Proving that it has difficulty in reading the calendar, The Guardian has started a series of ‘Best of So-Far’ articles selecting the best in each category for the first half of the year, a first half that has three and a half unused weeks to it. Yesterday, it was TV Shows, today it’s albums.
I decided to read the list out of curiosity, nothing more, and a very small sliver of wondering what I might be missing. It made for interesting reading, in one way. Out of a list of thirty albums, I have heard of only six artists and out of those six I have only heard two, and one of them over fifty years ago. Unsurprisingly, he – reggae star Horace Andy, singer of ‘Black Pearl’ in 1970 – is the only one I’m interested in hearing more from.
The other act I’ve hear is Wet Leg, whose music does nothing to excite me, although hester Chambers is a very nice looking woman.
From my perspective as a 66 year old, it would be very easy and extremely predictable to turn this into a rant about music being better in my day. I mean, generally I do think it was: most of us think that about what we heard when we were young, enthusiastic and impressionable. It connects us to our memories of when we were every bit of that. Modern music will never be able to do that and even the rare ones that set the fires blazing have too many years to overcome.
But I can’t and won’t do that. How can I say that this is crap, shit, unlistenable or any of the words my generation learned from our parents when it came to what we liked, when I’ve just admitted never having heard fourteen fifteens of the list? I could easily remedy that by clicking on the Spotify playlist provided, which includes all thirty, and more, that is if I ever listened to Spotify. Which I don’t and never have and aren’t interested in doing so.
The point of all of this is to illustrate two things. The first is that I am more completely out of touch with modern music than even when my only radio listening was Junior Choice for the comedy records. And the second is that I’m not in the least bothered by my ignorance and sam prepared to confess this to anyone who hasn’t run away fast enough.
It’s inevitable. It is now closing in on forty years since I made a conscious decision over two albums and went for the one representing the past I’d flown past, instead of the one that meant still being obsessed with what was new. I didn’t turn my back on new music, not by a long way, not for a very long time yet. But I changed my focus to exploring what I had missed. For the last twenty years, near enough, my principal fascination has been the obscurities of the back half of the Sixties, and the still-not-ended flow of gems from that time that I have yet to hear.
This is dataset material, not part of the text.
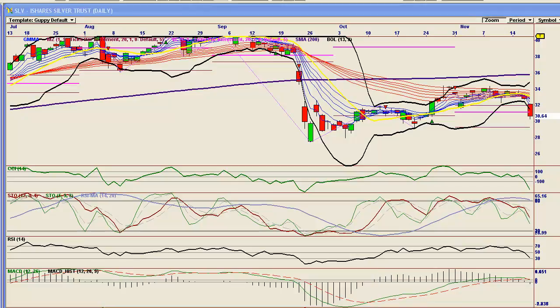The euro is holding in the 1.34s at the moment, still part of the overshoot we were looking for. Hopefully we'll see the 1.33s or even the 1.32s — at that point I'll really be wondering if it can go much further to the downside. As always, all investing decisions are your own. This chart and video are for entertainment, educational, and consumption-of-time purposes only. Watch out for opex.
If I were to listen to these Best Albums So Far, I might be surprised by what I find, might find riches I’m deliberately choosing not to discover. There’s a very sad aspect to that but in all honesty, I would be surprised to find one that did it for me in any way, apart from Horace Andy that is, who’s older than I am, so that would be like cheating. And I don’t mind. In fact, if I were to discover that as many as ten of these people were making music as great as the reviewers say, I would start to seriously worry about music in 2022. Because this music is not beding made for me, and it damned well shouldn’t be. Music is a wavefront that should continually be moving forward, beaching generation after generation in order to accomodate present and future generations. It’s great that, out of nowhere, people are suddenly latching on to Kate Bush again, and more power to them, but the gorgeous Ms Bush has always transcended eras and, well, just about everything. If it started to multiply, I’d enjoy it, seeing other stars, like Bowie perhaps flash back across the heavens. As long as they started inspiring the youth of today to develop new sounds from them, and not just recycle what they hear.
Otherwise, long live lists like this that are strange and impenetrable, and shut your mouth about how shit/awful/noisy/stupid/horrible music is today. They’re making it for themselves, not you, just as we did when it was our time. Let them do so.
Or else fold your arms, scowl at them and rant about how this is far better than that trash they call music… You might be right, but when they tell you to piss off, they’ll be even righter.